What is expected
Make an exact copy of the lines from the one containing "Sessant’anni fa il" through the end of the material, including both ends but no pictures.

[Opening Supplied records section]

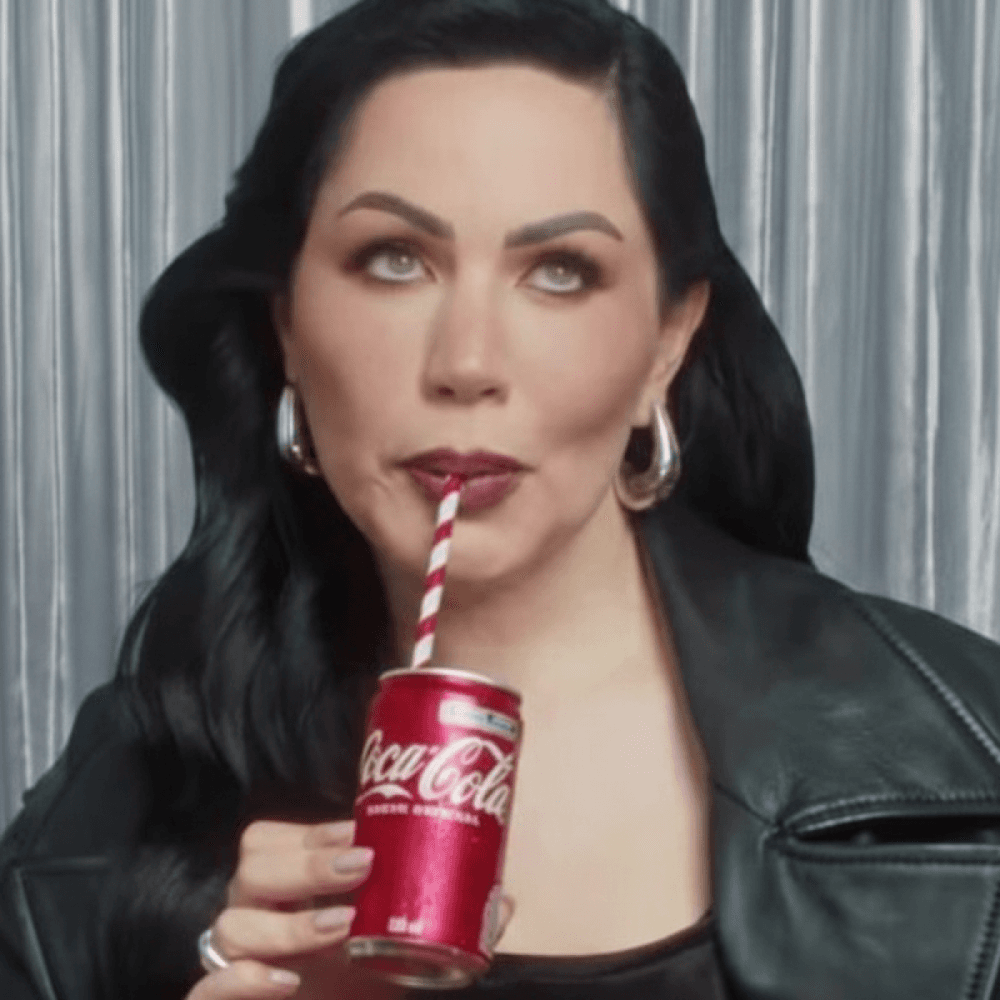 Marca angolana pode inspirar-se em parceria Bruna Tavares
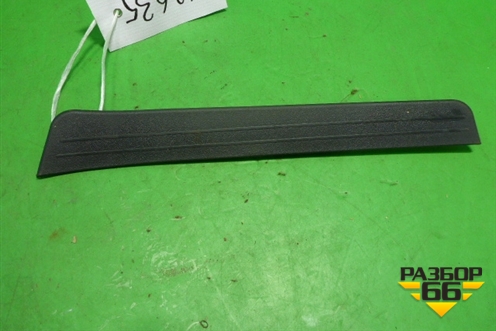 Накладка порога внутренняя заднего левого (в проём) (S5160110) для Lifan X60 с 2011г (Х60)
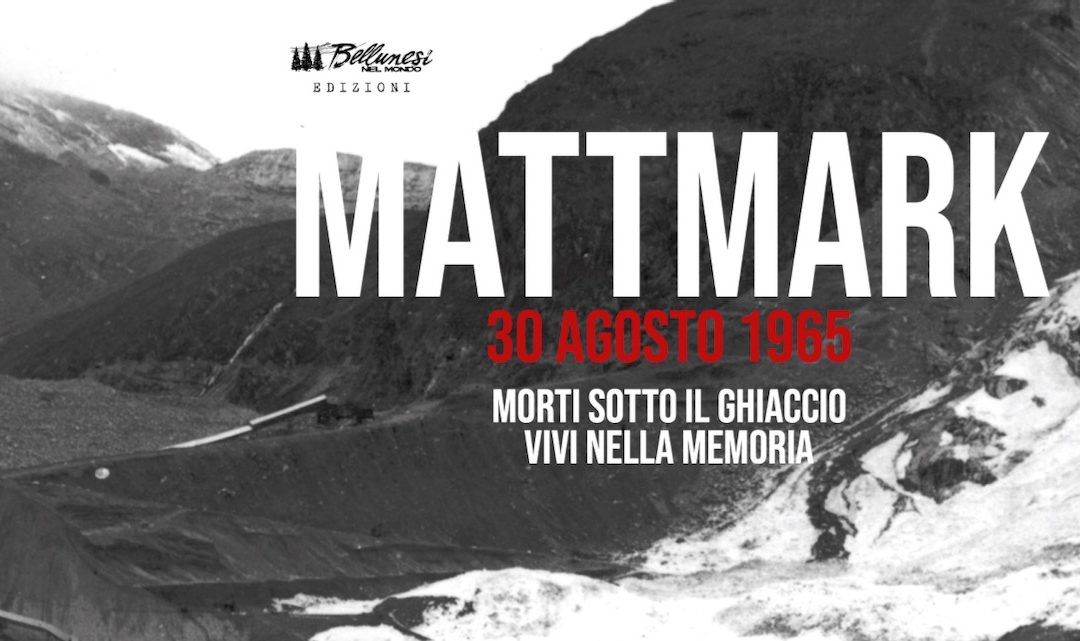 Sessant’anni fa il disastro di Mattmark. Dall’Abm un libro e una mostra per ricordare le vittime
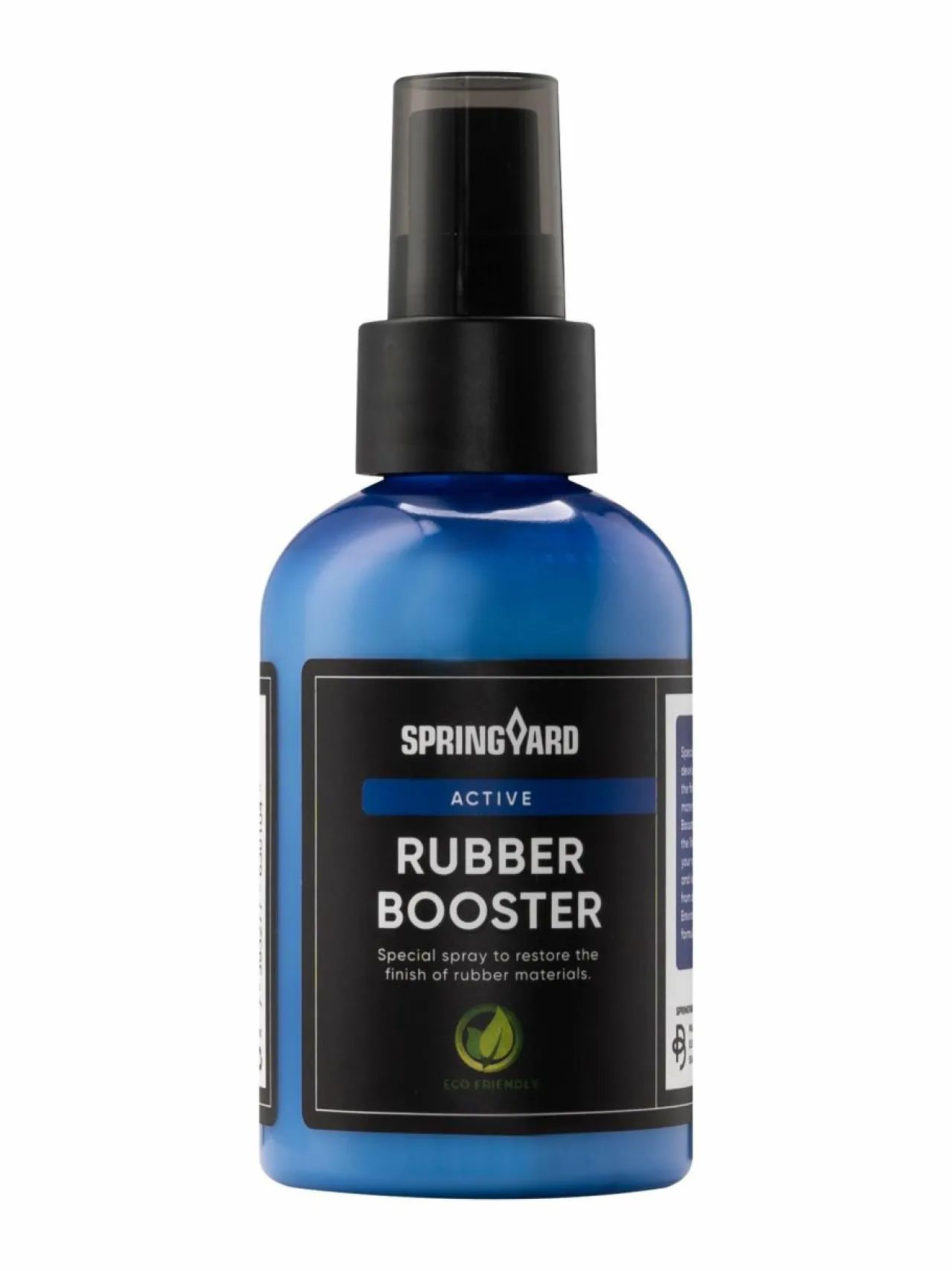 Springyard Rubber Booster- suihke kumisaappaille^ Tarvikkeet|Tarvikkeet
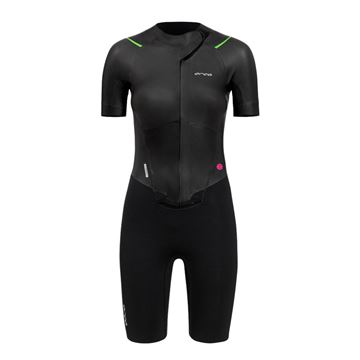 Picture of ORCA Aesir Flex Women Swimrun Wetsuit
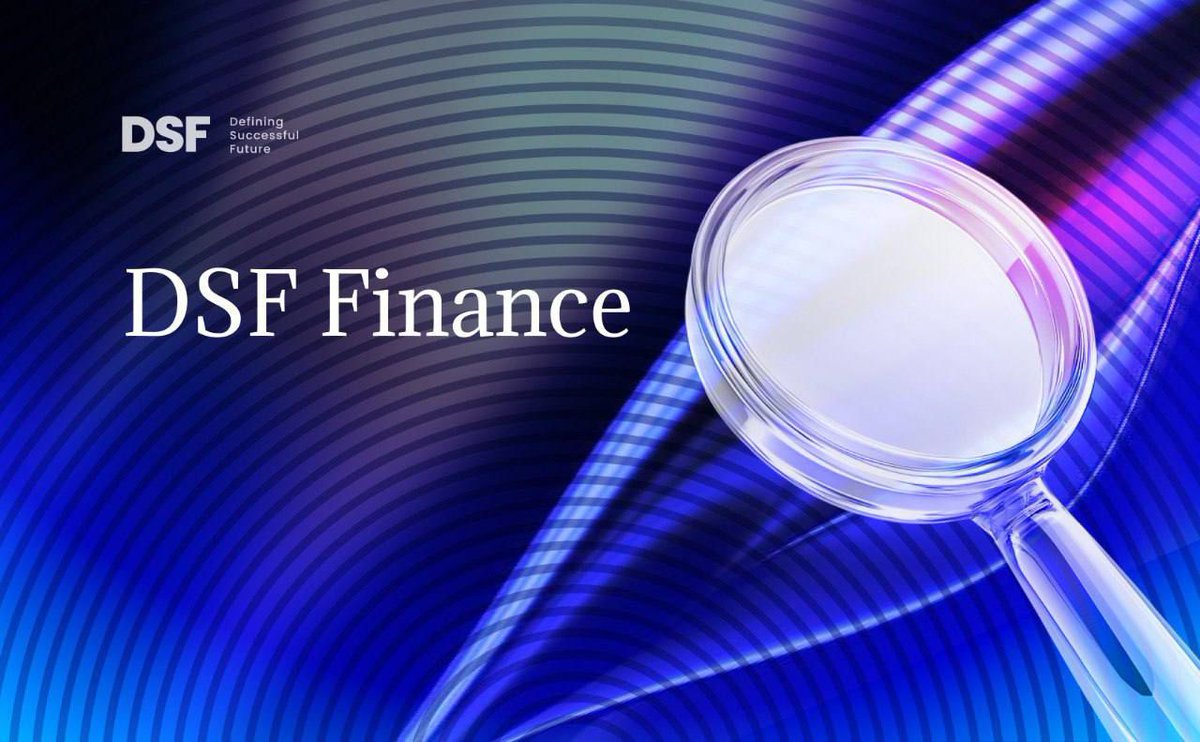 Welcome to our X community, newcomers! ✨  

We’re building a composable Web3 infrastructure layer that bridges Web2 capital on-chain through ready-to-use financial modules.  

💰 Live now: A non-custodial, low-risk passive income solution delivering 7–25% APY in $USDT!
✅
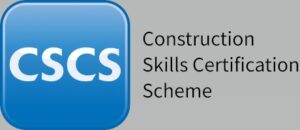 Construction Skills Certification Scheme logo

[Closing Supplied records section]

Result for this task
 Sessant’anni fa il disastro di Mattmark. Dall’Abm un libro e una mostra per ricordare le vittime
 Springyard Rubber Booster- suihke kumisaappaille^ Tarvikkeet|Tarvikkeet
 Picture of ORCA Aesir Flex Women Swimrun Wetsuit
 Welcome to our X community, newcomers! ✨  

We’re building a composable Web3 infrastructure layer that bridges Web2 capital on-chain through ready-to-use financial modules.  

💰 Live now: A non-custodial, low-risk passive income solution delivering 7–25% APY in $USDT!
✅
 Construction Skills Certification Scheme logo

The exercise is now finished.